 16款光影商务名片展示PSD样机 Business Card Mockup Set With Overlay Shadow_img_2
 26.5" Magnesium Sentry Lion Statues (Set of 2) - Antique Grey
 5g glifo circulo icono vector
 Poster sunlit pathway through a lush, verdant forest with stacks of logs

══════════════════════════════

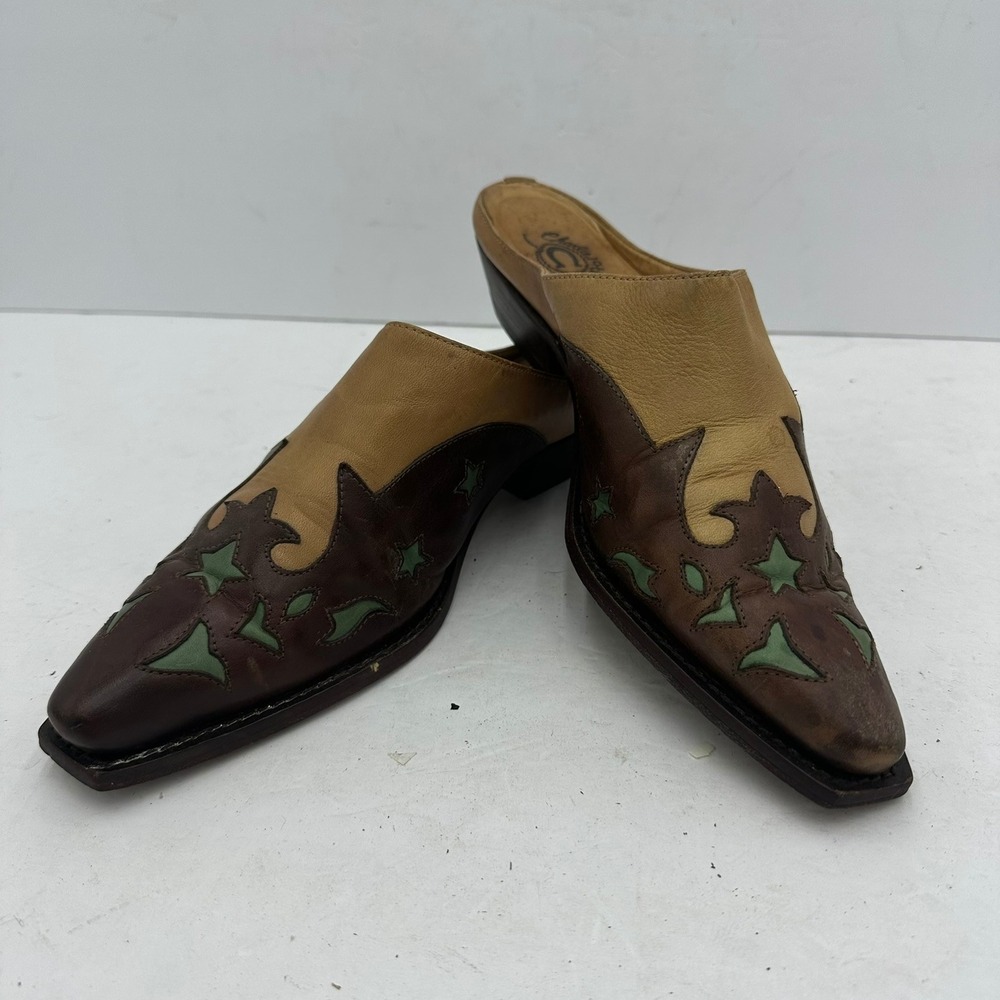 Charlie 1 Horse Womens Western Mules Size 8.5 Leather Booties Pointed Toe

══════════════════════════════

- TASK OBJECTIVE -
Each line in the entries above, starting at the line with "16款光影商务名片展示PSD样机 Business Card" and ending at the line with "Poster sunlit pathway", is to be printed exactly, and only those lines.

- ANSWER TO THE EXERCISE -
 16款光影商务名片展示PSD样机 Business Card Mockup Set With Overlay Shadow_img_2
 26.5" Magnesium Sentry Lion Statues (Set of 2) - Antique Grey
 5g glifo circulo icono vector
 Poster sunlit pathway through a lush, verdant forest with stacks of logs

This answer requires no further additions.